10. A method of claim 5 which comprises topically administering to the affected external ear canal of said patient about 1 to about 5,000 mg/day of said antifungal agent.

11. A method of claim 5 which comprises topically administering to the affected external ear canal of said patient about 5 to about 500 mg/day of said antifungal agent.

12. A method of claim 5 which comprises topically administering to the affected external ear canal of said patient 10 mg/day to about 100 mg/day of said antifungal agent.

13. A method of claim 5 wherein said composition comprises 0.3% by weight of said antifungal agent.

14. A method of claim 5 wherein said composition comprises 1.0% by weight of said antifungal agent.

15. A method of claim 5 wherein said composition comprises 3.0% by weight of said antifungal agent.

16. A method of claim 5 wherein said composition comprises about 0.05% to about 10% by weight miconazole, about 0.5% to about 3% hydrocortisone, about 1% to about 4% acetic acid and a pharmaceutically acceptable liquid vehicle.

17. A method of claim 5 wherein said composition comprises about 0.05% to about 10% by weight itraconazole, about 0.5% to about 3% hydrocortisone, about 1% to about 4% acetic acid and a pharmaceutically acceptable liquid vehicle.

18. A method of claim 5 wherein said composition comprises about 0.3% to about 3% miconazole, about 1% hydrocortizone, about 2% acetic acid and a pharmaceutically acceptable liquid vehicle.

19. A method of claim 5 wherein said composition comprises about 0.3% to about 3% itraconazole, about 1% hydrocortizone, 2% acetic acid and a pharmaceutically acceptable liquid vehicle.

20. A method of claim 5 wherein said antifungal agent is administered for at least 3 days.

21. A method of claim 5 wherein said antifungal agent is administered for about 7 days to about 14 days.

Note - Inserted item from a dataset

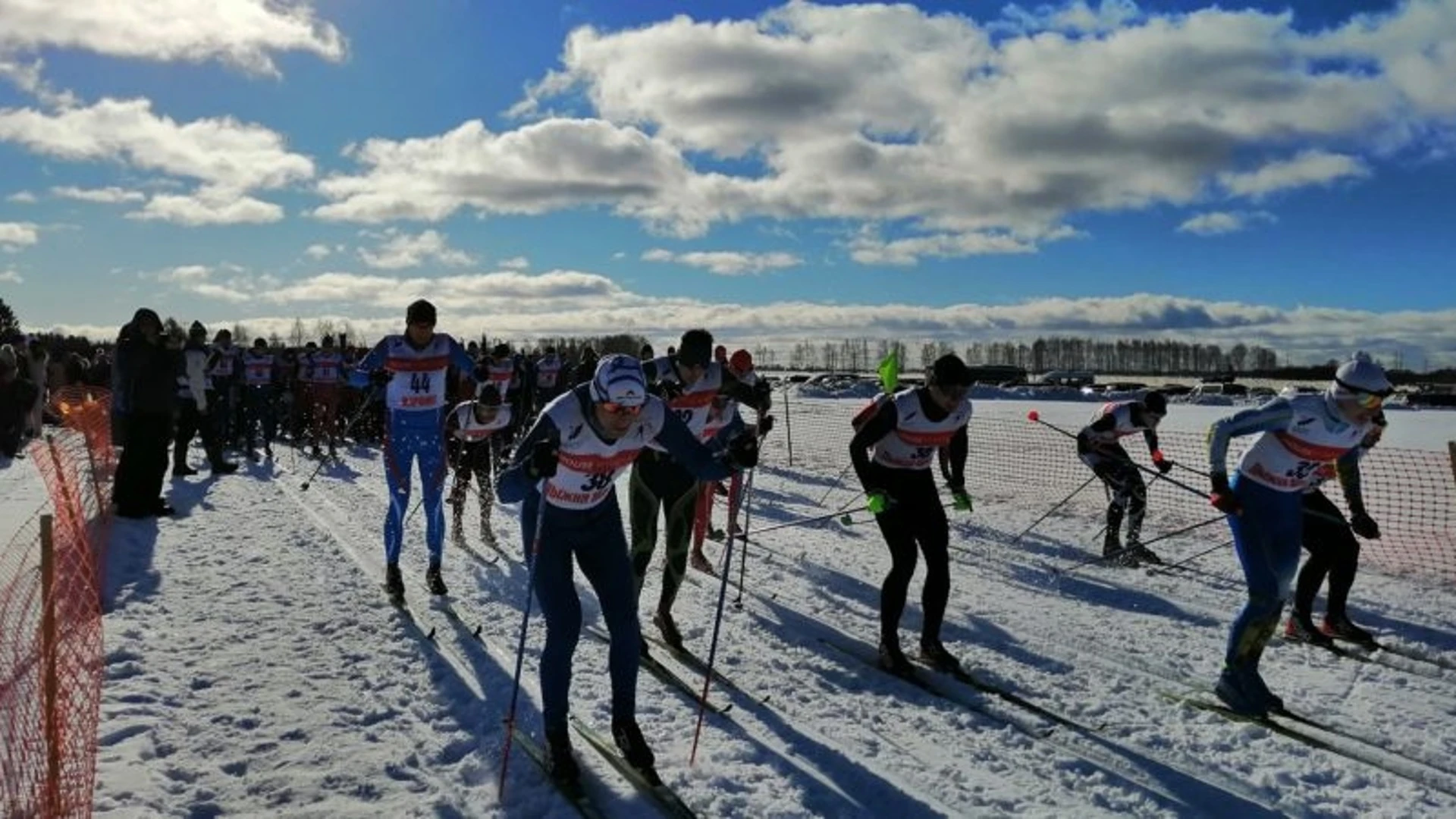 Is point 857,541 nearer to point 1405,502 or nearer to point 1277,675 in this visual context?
point 1277,675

22. A method of claim 5 wherein said antifungal agent is administered for up to 180 days.

23. A method of claim 5 wherein said composition further comprises a second agent selected from the group consisting of voriconazole, fluconazole, itraconazole, clotrimazole, miconazole, ravuconazole, posaconazole, oxiconazole, saperconazole, sulconazole, terconazole, tioconazole, econazole, enilaconazole, amphotericin B, natamycin, nikkomycin Z, caspofungin, micafungin, anidulafungin, terbinafine, naftifine, butenafine, amorolfine, flucytosine, nystatin, pimaricin, griseofulvin, ciclopirox, haloprogin, tolnaftate, and undecylenate.

24. A method of claim 5 wherein said composition further comprises an anesthetic agent.

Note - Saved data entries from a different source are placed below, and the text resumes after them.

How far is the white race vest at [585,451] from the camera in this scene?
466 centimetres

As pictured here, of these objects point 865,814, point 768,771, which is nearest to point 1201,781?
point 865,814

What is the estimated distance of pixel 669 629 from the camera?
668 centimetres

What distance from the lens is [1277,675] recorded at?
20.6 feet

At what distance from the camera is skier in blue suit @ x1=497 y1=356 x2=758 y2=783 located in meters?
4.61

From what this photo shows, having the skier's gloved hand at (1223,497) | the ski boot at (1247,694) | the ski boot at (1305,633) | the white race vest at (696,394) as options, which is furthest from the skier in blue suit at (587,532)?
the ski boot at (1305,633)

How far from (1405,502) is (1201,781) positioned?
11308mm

25. A method of claim 5 wherein said composition further comprises an antiinflammatory agent.

26. A method of claim 25 wherein said antiinflammatory agent is a corticosteroid.

27. A method of claim 26 wherein said corticosteroid is hydrocortisone.

28. A method of claim 5 wherein said composition further comprises an acidifying agent.

29. A method of claim 28 wherein said acidifying agent is acetic acid.

30. A method of claim 5 wherein said composition is formulated as a liquid.

31. A method of claim 5 wherein said composition is administered as an ear drop.

32. A method of claim 5 wherein a Candida species is causative organism of said otitis externa.

33. A method of claim 32 wherein said Candida species is C. albicans.

34. A method of claim 5 wherein an Aspergillis species is a causative organism of said otitis externa.

35. A method of claim 34 wherein said Aspergillis species is A. niger or A. fumigatus.